Por PAULO CASSIANO JÚNIOR*

Quem nunca entrou num restaurante e observou pai, mãe e filhos sentados à mesa para um almoço em família, mudos, cada um absorto em seu aparelho celular? Essa cena, tão comum na sociedade contemporânea, expõe o predomínio que a tecnologia tem exercido sobre os relacionamentos pessoais.

A dependência digital ou nomofobia (acróstico do inglês “no mobile phobia”) é uma síndrome psicológica séria cujas causas e efeitos se assemelham aos de vícios tradicionais, como o álcool e as drogas.

O problema agravou-se pela recente popularização dos “tablets” e “smartphones”. Dados da Anatel apontam que, em janeiro de 2017, o Brasil contava com 243 milhões de terminais ativos. Ou seja, há mais linha telefônica do que gente no país. Segundo algumas pesquisas, o celular é o objeto mais oferecido por pais a bebês, à frente inclusive da mamadeira e da chupeta.

Faz tempo o telefone deixou de servir exclusivamente para as comunicações de voz. Pelo aparelho, o indivíduo é capaz de realizar operações bancárias, pedir uma pizza e chamar uma corrida até a rodoviária. Como se desvencilhar de um equipamento que funciona como computador, filmadora, máquina fotográfica, rádio, biblioteca, agenda, GPS e ainda cabe no bolso?

Influenciadas por tanta facilidade, muitas pessoas passaram a adotar, talvez inconscientemente, um estilo de vida cada vez mais virtual, criando vínculos fugazes e superficiais com os seus milhares de amigos no “Facebook” e seguidores no “Instagram”.

De fato, o mundo tecnológico oferece infinitas possibilidades de experiências indutoras de prazer e bem-estar, o que ajuda a compreender por que é tão sedutor dedicar sempre mais tempo para explorá-lo do que o planejado.

Nas mídias sociais, todas as pessoas são felizes, legais e bem-humoradas. A vida no “Facebook” é bem mais suave e divertida do que no mundo real. O indivíduo que dela não participa é logo tomado por um sentimento de desajuste e exclusão. Ao ser confrontado com os seus próprios dramas, angústias, medos, dúvidas e aflições, sente-se vazio, solitário e perplexo, pois se considera um peixe fora d’água nesse oceano onde todos nadam nas ondas do sucesso. Viver permanentemente conectado afasta o ser humano da reflexão e do enfrentamento de seus problemas cotidianos e provoca uma sensação de alívio temporário de suas dores e frustrações.

Além disso, a interação virtual oferece a ilusão de companhia, sem as exigências próprias de uma amizade verdadeira.
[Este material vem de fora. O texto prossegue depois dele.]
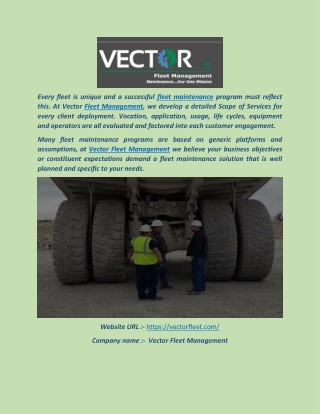 BUSINESS SPECIFIC SOLUTIONS - Vector Fleet Management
As publicações seriadas denunciam um anseio narcisista de pessoas inseguras por aceitação social, as quais lutam para superar a própria baixa autoestima.

Na rede, é fácil customizar o acesso à informação e evitar a fricção social. Assim, ao limitar a aproximação a pessoas com interesses comuns, o indivíduo nivela sua vivência com a impressão de que a diversidade social não ultrapassa o que se comenta nos seus grupos de “WhatsApp”.

Entretanto, nada substitui a vida real, os relacionamentos de verdade, o amor expresso no toque e no olhar. Portanto, se você é dos que pensam que a vida está no seu celular, experimente deixar o aparelho em casa quando receber o próximo convite para jantar.